From an engraving in the “Naval Monument.”

But in spite of odds, Macdonough, was fighting his ship desperately and yet with a perfect mental grasp of the whole situation. Like Perry on Lake Erie, he set an example to his men by working a long gun with his own hands, and every shot he fired told with deadly effect. But as he bent over his gun at one moment a British shot cut the spanker-boom of the Saratoga in two and one of the pieces fell on him, knocking him senseless, so that the cry “The Commodore is killed” was passed along the deck. This cry was not true, for Macdonough was soon on his feet again, only to be once more knocked senseless and with a ghastly missile. The head of a captain of a gun was shot off and hurled with tremendous force against Macdonough’s head. But he soon recovered from this blow also—recovered only to find that, although he had steadily cut down the fire of the British flagship, the battle was persistently going against him.
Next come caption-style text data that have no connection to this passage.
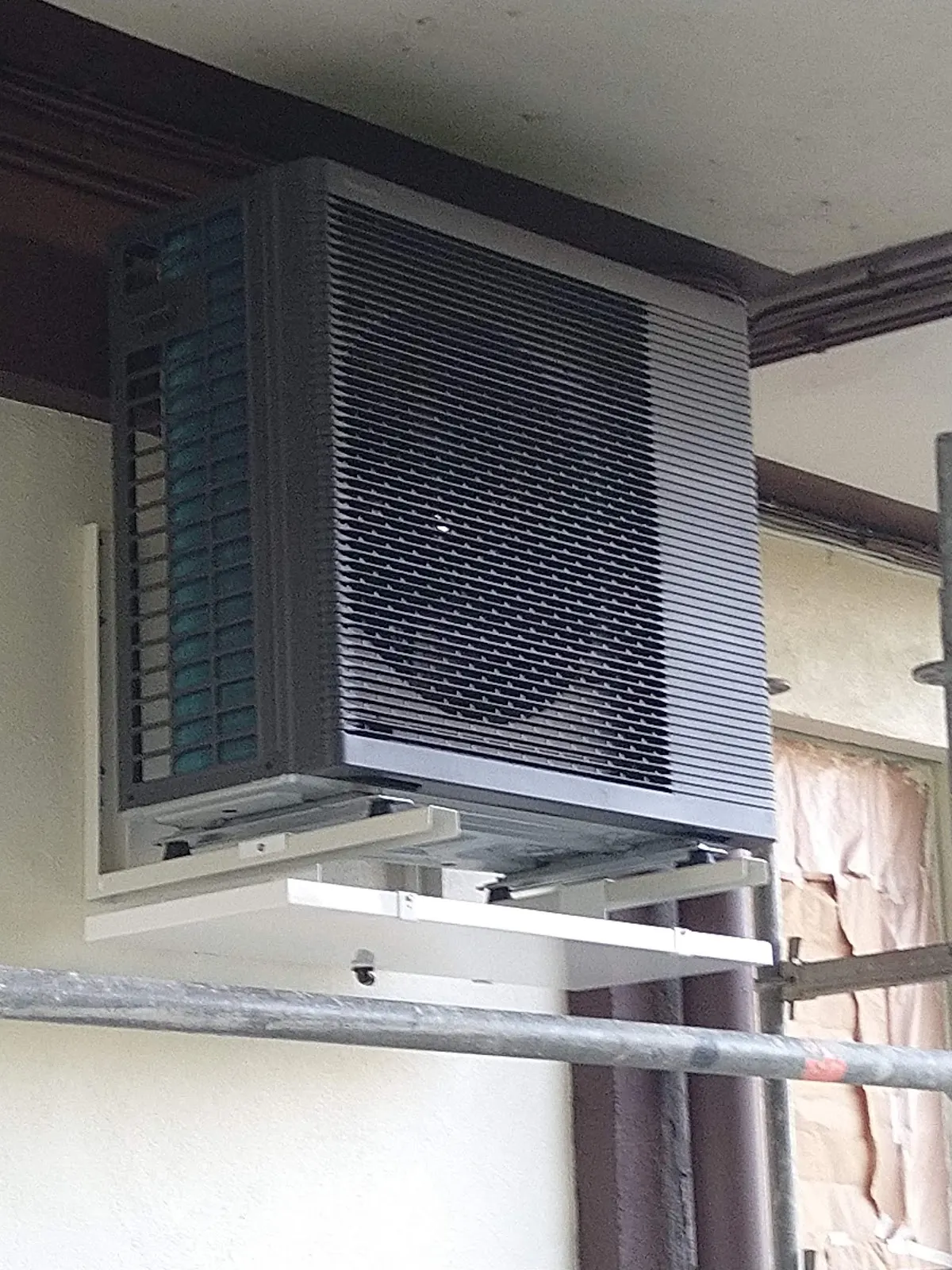 Unidad exterior de climatización colocada en un soporte alto, en una imagen de Fontanería DUAM SL.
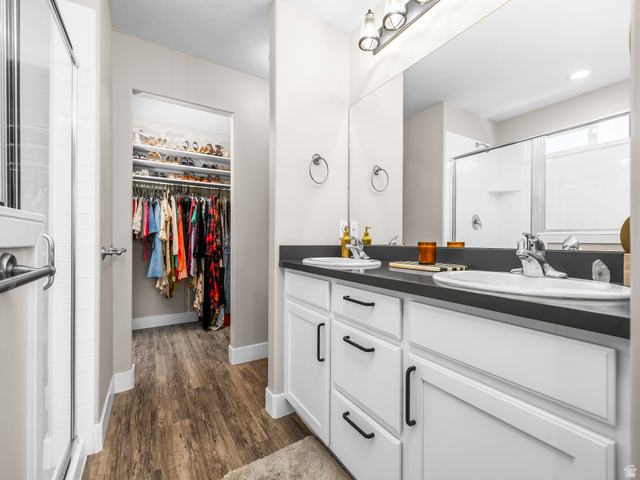 7 Sterling Loop Vineyard, UT 84059 - Photo 23 of 43 Double vanity with undermount sinks, dark countertop, and white cabinetry featuring matte black hardware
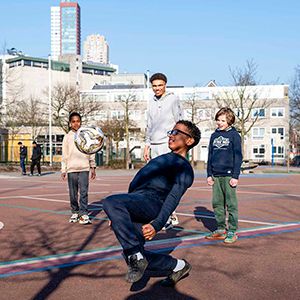 BSO-kinderen voetballen met een pedagogisch professional buiten. 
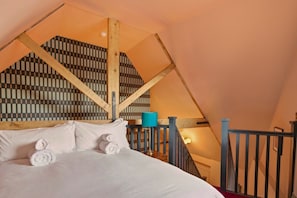 A bedroom with a sloped ceiling, a bed with white linens, a blue lamp, and a checkered wall pattern. - The Loft - The Four Corner Collective (Sunderland)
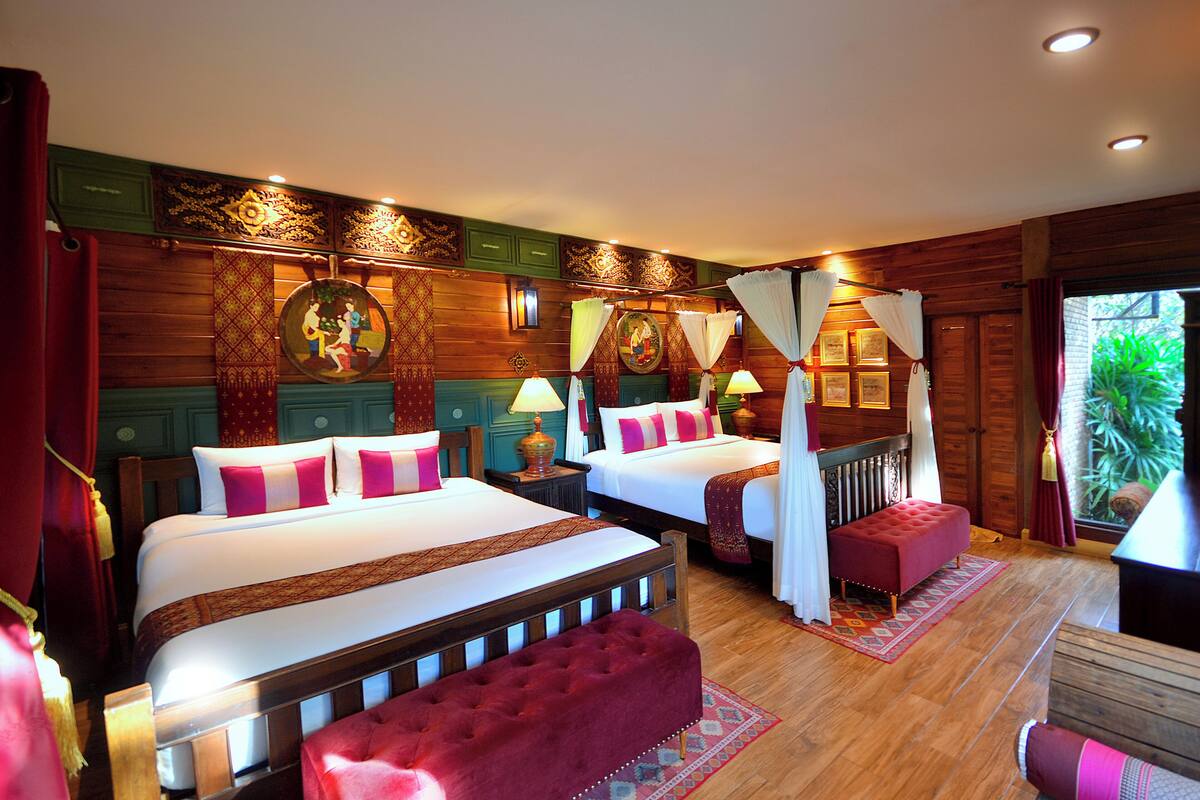 Een hotelkamer met twee bedden, een rode bank en uitzicht op groen.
The raking fire of the British brig Linnet was so effective that gun after gun was knocked out of the battle on the Saratoga. The British gun-boats had swarmed about the little sloop Preble and driven it away entirely. The Yankee schooner Ticonderoga had, indeed, at about the middle of the battle disabled the British sloop Finch, at the tail of the British line, so that she drifted ashore on Crab Island; but the British gun-boats, in spite of the Yankee gun-boats, were driving with the aid of oars right under the guns of the Ticonderoga, and she was compelled to give her whole attention to them and leave the Saratoga to fight it out with the British frigate and the British brig with such aid as the Eagle could render. And at the last Macdonough found that he had not one of the guns left on the fighting side of his ship with which to meet the enemy. Worse yet the Saratoga had been twice set on fire by the hot shot of the British frigate, and hot shot were still coming.

BATTLE OF LAKE CHAMPLAIN, 1814.

American: Eagle, Saratoga, Ticonderoga, Preble.

English: Chubb, Linnet, Confiance, Finch.

Gun-boats and Galleys are represented by short black marks.

Notes To the Diagrams.

1. The British fleet arrived off Cumberland Head, and for a moment hung in the wind in line, in the position shown, off the head. They then sailed up abreast the American fleet and opened the battle, but the sloop Finch (d) was almost instantly driven away by the fire of the American schooner Ticonderoga (No. 3) and drifted toward Crab Island.